-- Action item --
Search the material for the word "from" and report each line where it turns up.

-- Information supplied --
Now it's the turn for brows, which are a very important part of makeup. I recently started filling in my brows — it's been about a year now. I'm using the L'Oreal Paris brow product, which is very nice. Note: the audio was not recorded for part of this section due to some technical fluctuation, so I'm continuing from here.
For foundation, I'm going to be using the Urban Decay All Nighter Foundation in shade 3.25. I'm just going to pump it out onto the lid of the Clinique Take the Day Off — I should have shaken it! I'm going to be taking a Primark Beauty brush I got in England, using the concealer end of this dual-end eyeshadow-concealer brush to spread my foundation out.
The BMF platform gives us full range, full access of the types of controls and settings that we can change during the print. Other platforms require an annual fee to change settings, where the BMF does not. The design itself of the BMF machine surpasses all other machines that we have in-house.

==

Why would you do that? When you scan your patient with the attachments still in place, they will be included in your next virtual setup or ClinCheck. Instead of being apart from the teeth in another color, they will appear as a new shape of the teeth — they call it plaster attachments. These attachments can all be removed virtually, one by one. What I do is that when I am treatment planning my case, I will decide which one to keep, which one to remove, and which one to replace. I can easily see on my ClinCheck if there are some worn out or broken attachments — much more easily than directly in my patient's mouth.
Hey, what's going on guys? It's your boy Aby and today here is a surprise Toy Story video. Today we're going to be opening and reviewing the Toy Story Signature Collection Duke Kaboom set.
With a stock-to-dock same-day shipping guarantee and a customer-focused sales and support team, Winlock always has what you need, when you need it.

-- Solution for this exercise --
Now it's the turn for brows, which are a very important part of makeup. I recently started filling in my brows — it's been about a year now. I'm using the L'Oreal Paris brow product, which is very nice. Note: the audio was not recorded for part of this section due to some technical fluctuation, so I'm continuing from here.
Why would you do that? When you scan your patient with the attachments still in place, they will be included in your next virtual setup or ClinCheck. Instead of being apart from the teeth in another color, they will appear as a new shape of the teeth — they call it plaster attachments. These attachments can all be removed virtually, one by one. What I do is that when I am treatment planning my case, I will decide which one to keep, which one to remove, and which one to replace. I can easily see on my ClinCheck if there are some worn out or broken attachments — much more easily than directly in my patient's mouth.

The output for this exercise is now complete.